Я долго смотрела на мать и ребенка. В них так много мира и счастья. Хотелось запомнить, нарисовать. Взяла краски, спустилась в сад, села неподалеку. Мать заметила. Неожиданно для меня свернула одеяло, взяла ребенка и ушла.
Досадно стало — зачем спугнула?
Пришлось оставить начатый рисунок. Уходить не хотелось. Решила писать наш дом, вернее — один его кусочек. Светло-зеленый, с большими лапами-листьями каштан на коричневом фоне дома. Белые свечи его цветов. Открытое окно. В глубине его виден кусок полки. На ней пестрые обложки книг.
Острое короткое мгновение — увидела освещение, форму, цвет. Закрыла глаза. Надо сохранить виденное. Потом уже можно рассматривать детали, убирать ненужное, лишнее. Просмотреть натуру, наметить, как ляжет она на бумагу, приготовить краски. Наблюдать внимательно, все подмечать. Главное — хранить неприкосновенным первое впечатление, пленившее все твое существо. Им контролировать и проверять сделанное. В замученной вещи солнце не живет.
Кончила. Еще раз проверила тональность. Усилила потухшие краски. Заиграло. Можно оставить.
— Как хорошо! — послышался чей-то голос.
Вздрогнула от неожиданности. Подняла голову. Три Девушки стоят за деревьями.
— Ася?! Испугала меня…
— Мы давно смотрим, как вы рисуете, — улыбнулась девушка — Каштан точно живой!.. Ольга Константиновна, а это мои подруги. Они хотят просить вас выступить у них на вечере.
— Выступить? — удивилась я. — В качестве кого? Не пою, не играю, только рисую.
Девушки засмеялись, сели рядом на траву. Одна из них, смуглая, стриженая, заговорила официально:
— Мы просим вас выступить на нашем школьном вечере с воспоминаниями о Горьком. Ася говорит, вы знали Алексея Максимовича.
— Ольга Константиновна, это я их притащила к вам. Помогите устроить хороший вечер.
Девушки настаивали:
— Согласитесь, пожалуйста!
На следующий день смуглая девушка пришла за мной.
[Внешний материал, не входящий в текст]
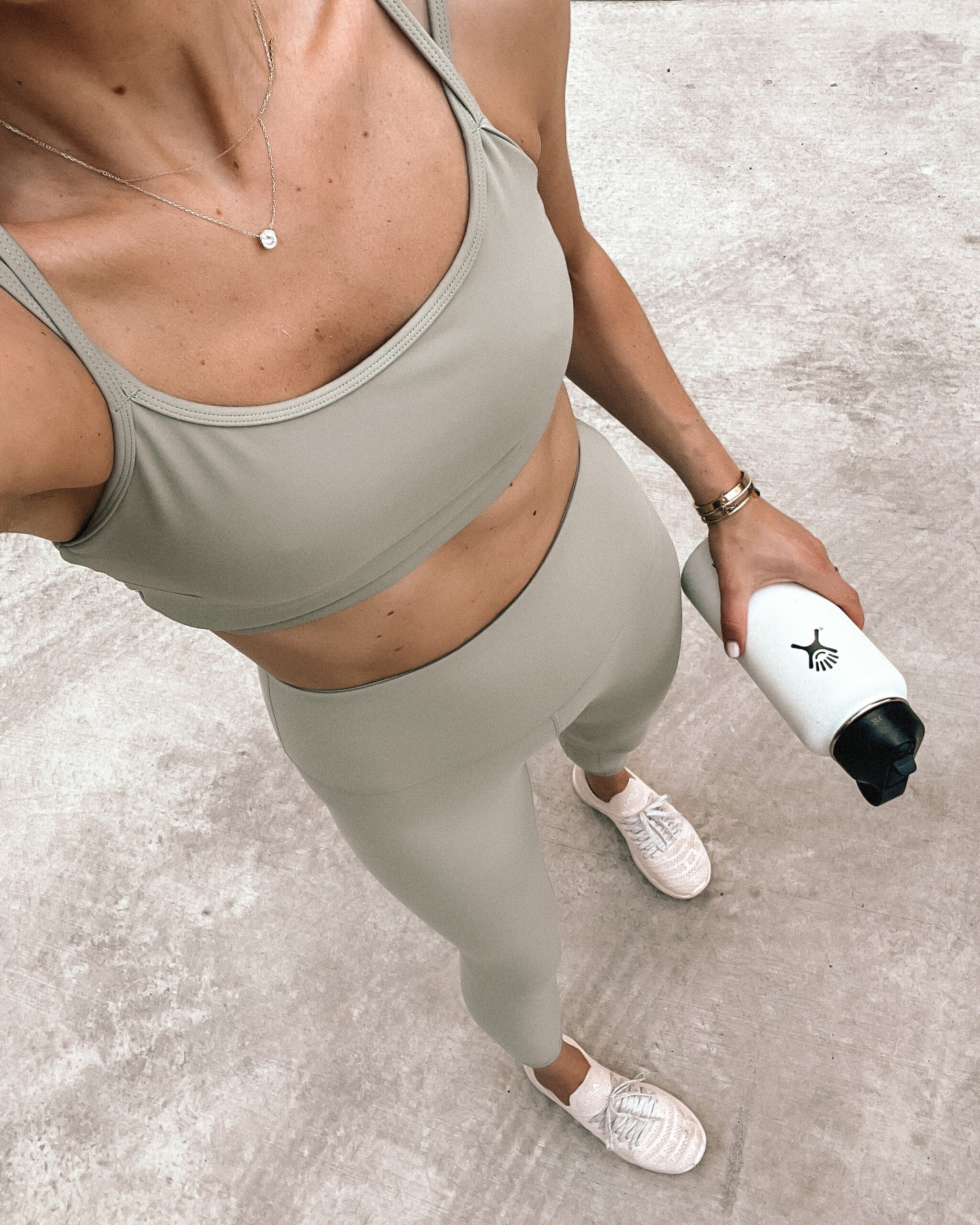 Fashion Jackson Wearing Varley Light Green Strappy Sports Bra Varley Light Green Leggings Blush APL Sneakers White Hydroflask Womens Workout Outfit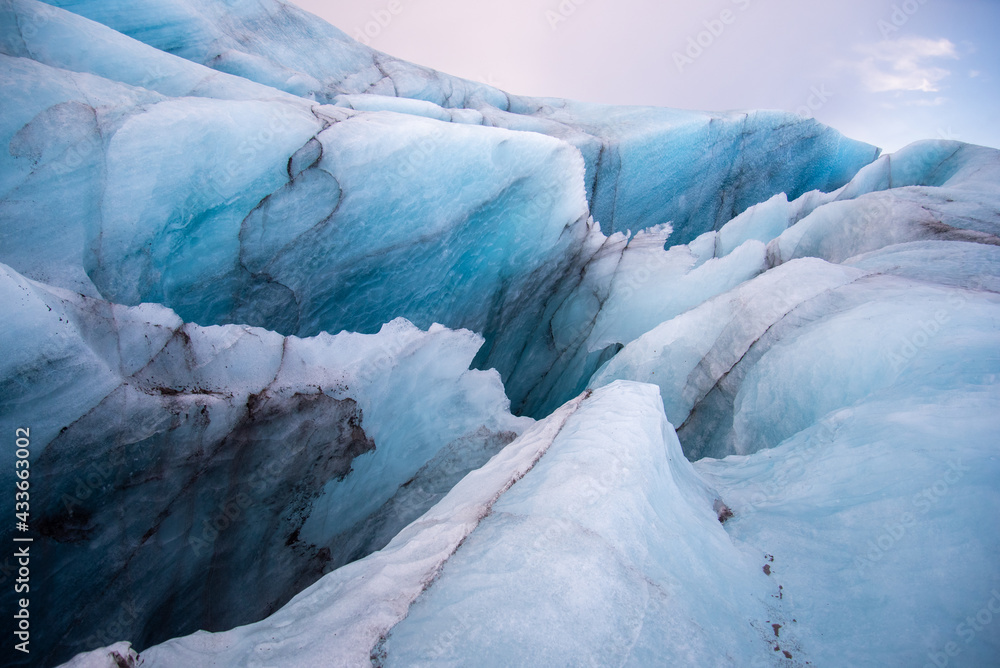 Detail Icelandic glacier image bright blue glacier abstract closeup texture image with black lines from volcanic ash Detail Icelandic glacier image bright blue glacier abstract closeup texture image with black lines from volcanic ash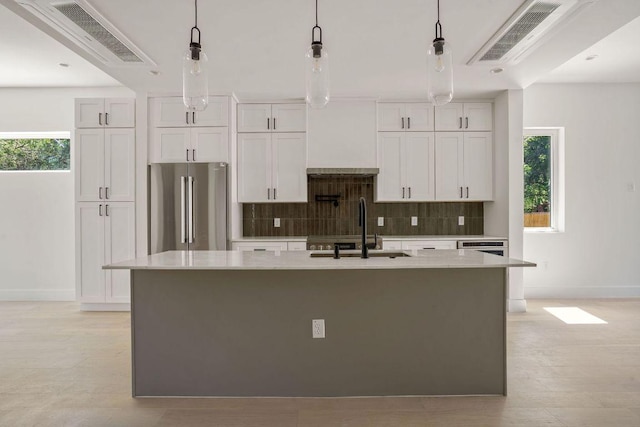 kitchen featuring baseboards, a sink, freestanding refrigerator, a kitchen island with sink, and backsplash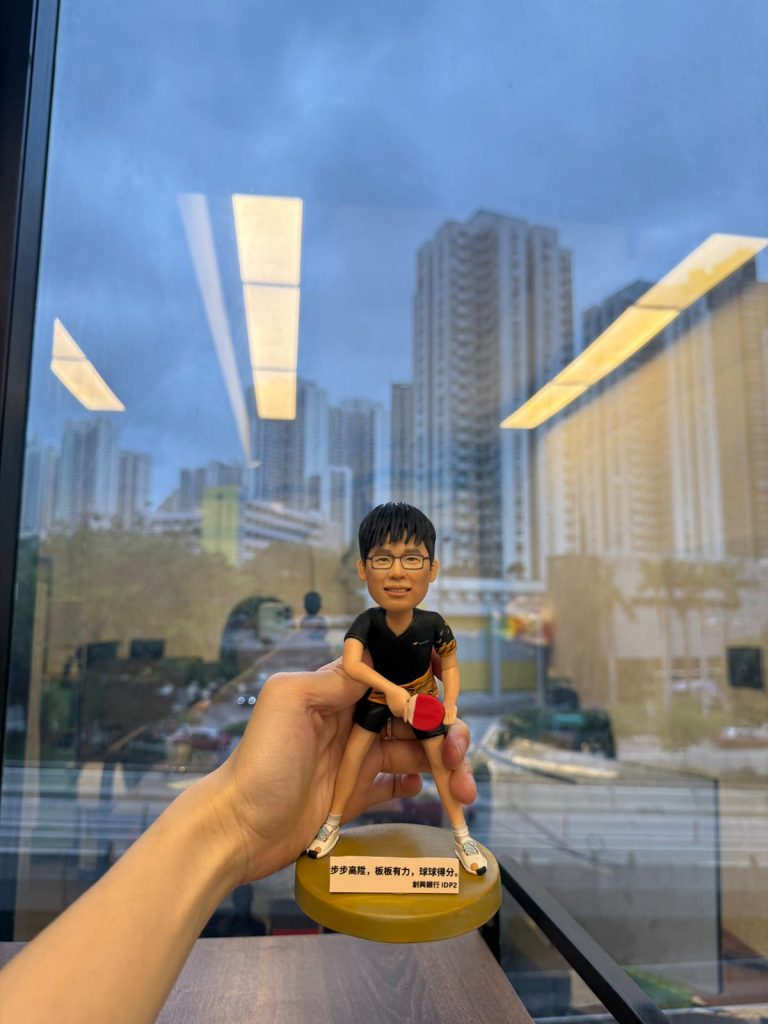 乒乓球比賽主題人像公仔：短髮戴眼鏡的男子公仔身穿黑色運動上衣與短褲，袖口與腰間有金色圖樣點綴；他採低重心準備姿勢，右手握紅色乒乓球拍、左手持白色乒乓球，腳穿白色運動鞋，站在半透明金黃色圓形底座上，底座前貼有中文勵志銘牌。畫面由室內對著落地窗拍攝，可見城市高樓與室內燈光倒影，手持者的手從左側托住公仔。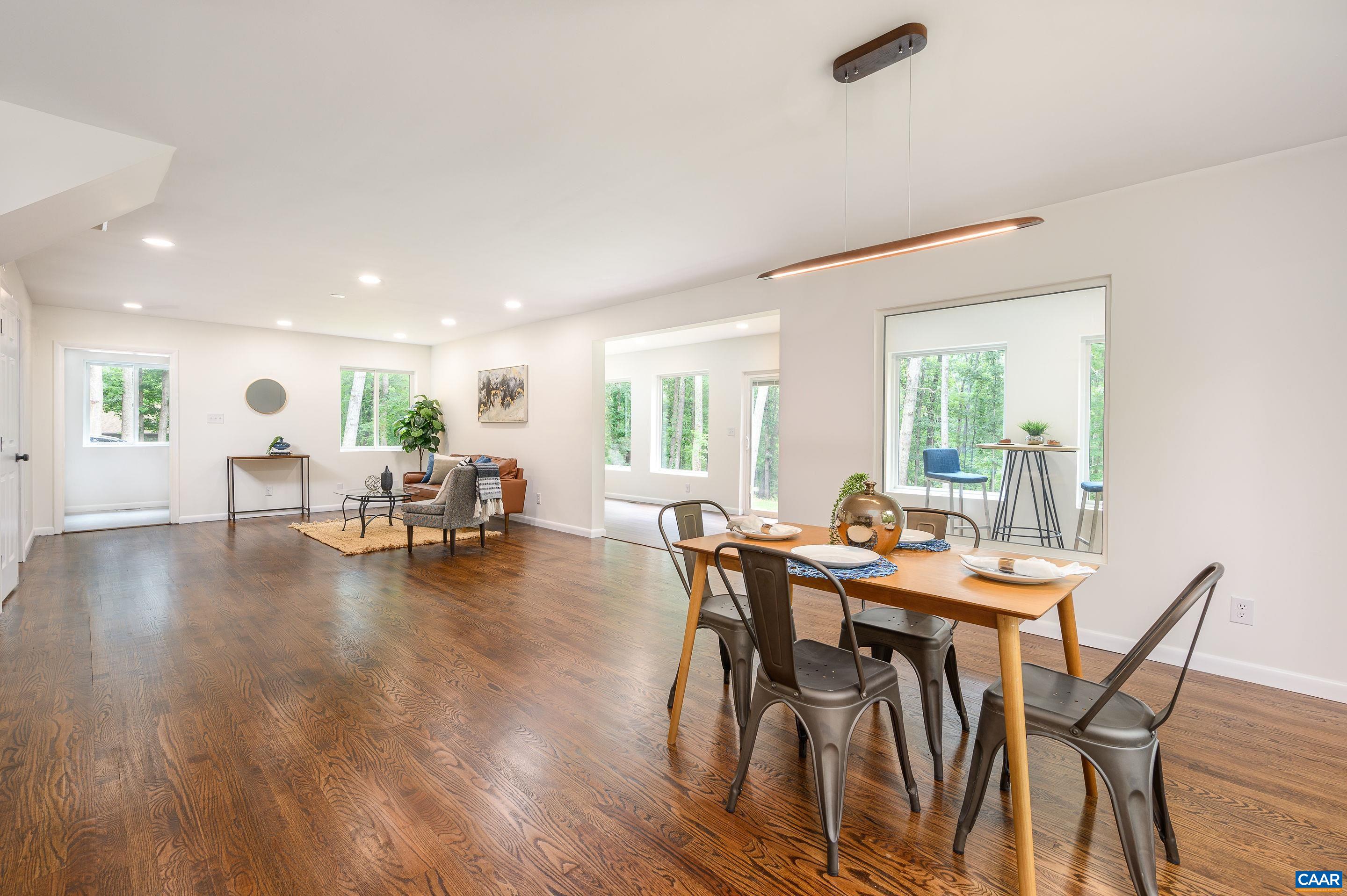 960 Broad Axe Road Charlottesville, VA 22903 - Photo 9 of 39 a view of a dining room with furniture and wooden floor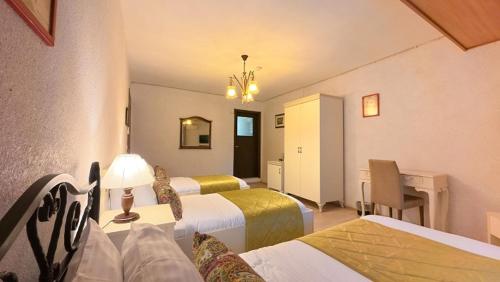 a hotel room with three beds and a lamp at Casa Villa By Kirte in Eceabat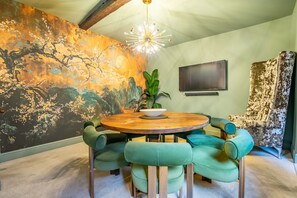 Un espace repas comprenant une table ronde en bois, des chaises à revêtement vert, une grande fresque murale, un lustre moderne et un téléviseur à écran plat fixé au mur.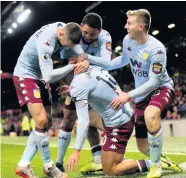  ??  ?? > Jack Grealish is mobbed following his wonder goal against Manchester United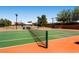 Well-maintained tennis court with green and orange surface, complete with net and lighting for evening play at 2105 Poppywood Ave, Henderson, NV 89012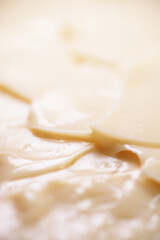 Mayonnaise is an emulsion of oil, egg yolk, and an acid, either vinegar or lemon juice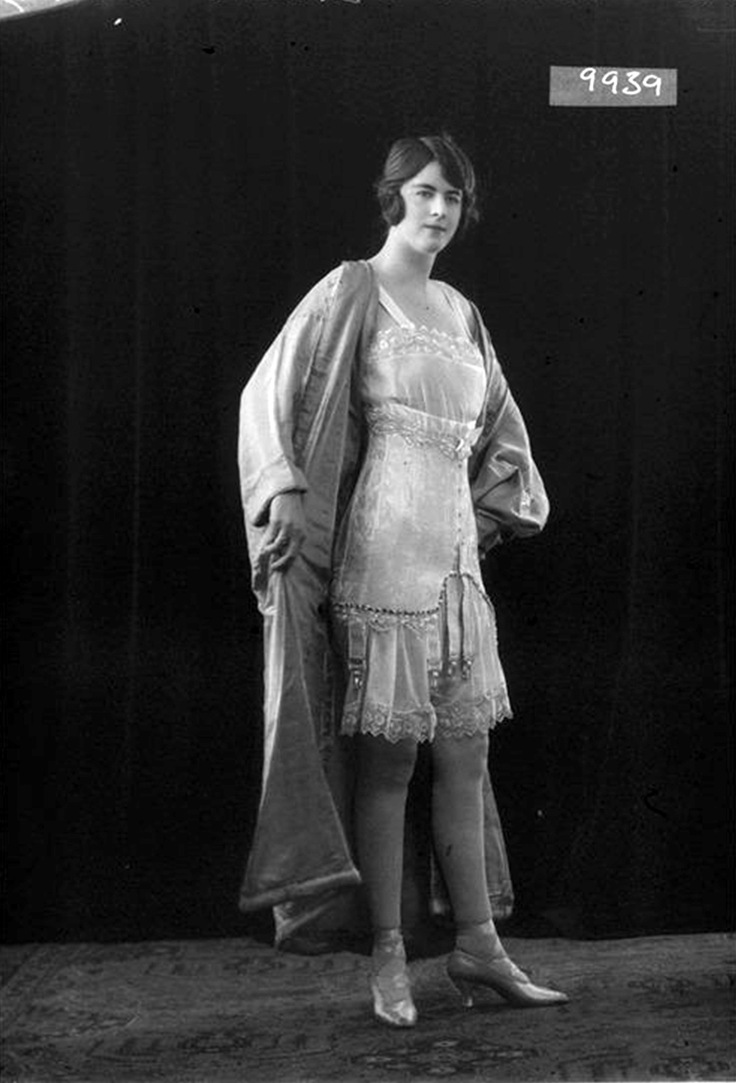 Glass Half Plate Image of a woman modelling a Mercedes corset for the stay and corset maker Miss Byron Corsets. Published in Ladies' Field. Maker: Bassano Studio Production Date: 1922-03-31
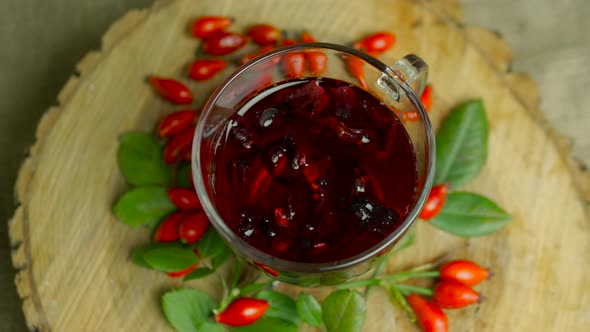Top View Healing Herbs And Red Berries In A Cup, Tea Made From Medicinal Rose Hips On A Wooden alt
Большой школьный зал был полон молодежи. Около стола, покрытого красным сукном, сидели педагоги.
После доклада начались выступления. Говорили о Горьком, как о своем учителе, друге. Читали отрывки из его произведений.
Мне вспомнились мои школьные друзья, наше отношение к Горькому, его книгам. Захотелось рассказать молодежи о моем детстве. Я не умею и не люблю выступать, но здесь я должна говорить.
— Товарищи, — начала я, — меня обрадовала ваша горячая любовь к произведениям Алексея Максимовича и к нему самому. Я много старше вас. Я росла в глухом, провинциальном городе. Там даже железной дороги не было. Новых книг мало. Достать их трудно, особенно книги Горького. А мы дорожили каждым его словом. Он учил нас думать, смелее жить.
Однажды разнесся слух, что в Петербурге появились две замечательные песни. Автора их не знали, но приписывали песни Горькому. Ссыльные — их в нашем городе было много — знали и «Песню о Соколе» и «Песню о Буревестнике». Мне в это время было лет тринадцать, я училась в гимназии. К ссыльным нас не пускали. За знакомство с ними начальство грозило исключить из гимназии. Но, вопреки веем запретам, мы бегали к ссыльным. Затаив дыхание, слушали их рассказы о тюрьмах, паразите-царе.